Hello,
This is a question for people with web knowledge (I'm looking at you Simon :-)):
I'm wondering Why they named it tv.jw.org instead of something like jw.org/tv?
by pixel 9 Replies latest watchtower beliefs
Hello,
This is a question for people with web knowledge (I'm looking at you Simon :-)):
I'm wondering Why they named it tv.jw.org instead of something like jw.org/tv?
Bump?
I'm not as web-knowledgeable as Simon and some others here, but I don't think there's a meaningful difference on a technical level. But sites often use a subdomain to show that something is a significant and separate portion of the site. For instance, much of Apple's web site is in web pages under www.apple.com, but the online store is under the subdomain store.apple.com. Maybe it's easier to run a separate subdomain off a separate server in order to offload traffic from the main subdomain.
I wonder if it's to do with what people search for?
People are more likely to search for 'TV' than 'JW'.
Thanks
A fairly simplified explanation as I understand it:
A url is like a map or directions to a server then to a directory on that server.

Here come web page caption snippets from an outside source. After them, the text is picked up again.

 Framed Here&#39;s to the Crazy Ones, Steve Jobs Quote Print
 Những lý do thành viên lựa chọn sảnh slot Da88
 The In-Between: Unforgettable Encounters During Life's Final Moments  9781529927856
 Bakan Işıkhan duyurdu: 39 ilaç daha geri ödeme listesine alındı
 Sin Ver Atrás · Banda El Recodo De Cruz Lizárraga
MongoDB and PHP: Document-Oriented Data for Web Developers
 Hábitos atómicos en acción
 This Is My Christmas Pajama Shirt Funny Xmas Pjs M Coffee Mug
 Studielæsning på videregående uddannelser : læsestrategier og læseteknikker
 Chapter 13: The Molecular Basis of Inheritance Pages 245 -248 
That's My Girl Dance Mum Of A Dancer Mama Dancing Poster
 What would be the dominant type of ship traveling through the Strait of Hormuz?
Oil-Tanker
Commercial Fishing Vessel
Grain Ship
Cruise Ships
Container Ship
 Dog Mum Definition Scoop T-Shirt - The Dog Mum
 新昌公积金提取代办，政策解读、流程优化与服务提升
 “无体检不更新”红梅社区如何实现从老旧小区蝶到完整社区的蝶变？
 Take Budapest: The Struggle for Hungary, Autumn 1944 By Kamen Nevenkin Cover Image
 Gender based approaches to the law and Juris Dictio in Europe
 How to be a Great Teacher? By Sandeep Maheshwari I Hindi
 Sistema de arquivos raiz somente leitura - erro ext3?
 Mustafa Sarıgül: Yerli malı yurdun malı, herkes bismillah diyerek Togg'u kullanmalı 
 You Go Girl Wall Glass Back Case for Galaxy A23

The stuff with the dots are the directions to the server. Each entry is essentially a server and each server knows about the next server down the line. It works from right to left.
i.e. for tv.jw.com your browser searches for the com server then asks com where jw server is then asks the jw server where tv server is.
The slashed entries are directories on the server and works from left to right.
So if it were jw.com/tv there would be a directory called tv on the jw.com server.
The http or https part tells the browser what language to expect.
I've never figured out what the www is for but you generally no longer need to use it in most cases.
So jehovahs-witness.com will bring you to the same place as www.jehovahs-witness.com
*edit, i had the right to left search order backwards switched both
I'm trying to explain this in layman's terms.
tv.jw.org is considered a "subdomain."
A Domain Name Server (DNS) is a computer that tells your web browser where to find the information for that URL you typed in.
You can tell the DNS to point people that type in to tv.jw.org to a certain computer (server).
However, if someone types in jw.org/tv, everything contained on jw.org/tv is on the same server as everything else on jw.org.
Video takes up a lot of disk space and bandwidth. They likely needed to have a separate server for the traffic to tv.jw.org which is why it wouldn't be possible to make it jw.org/tv.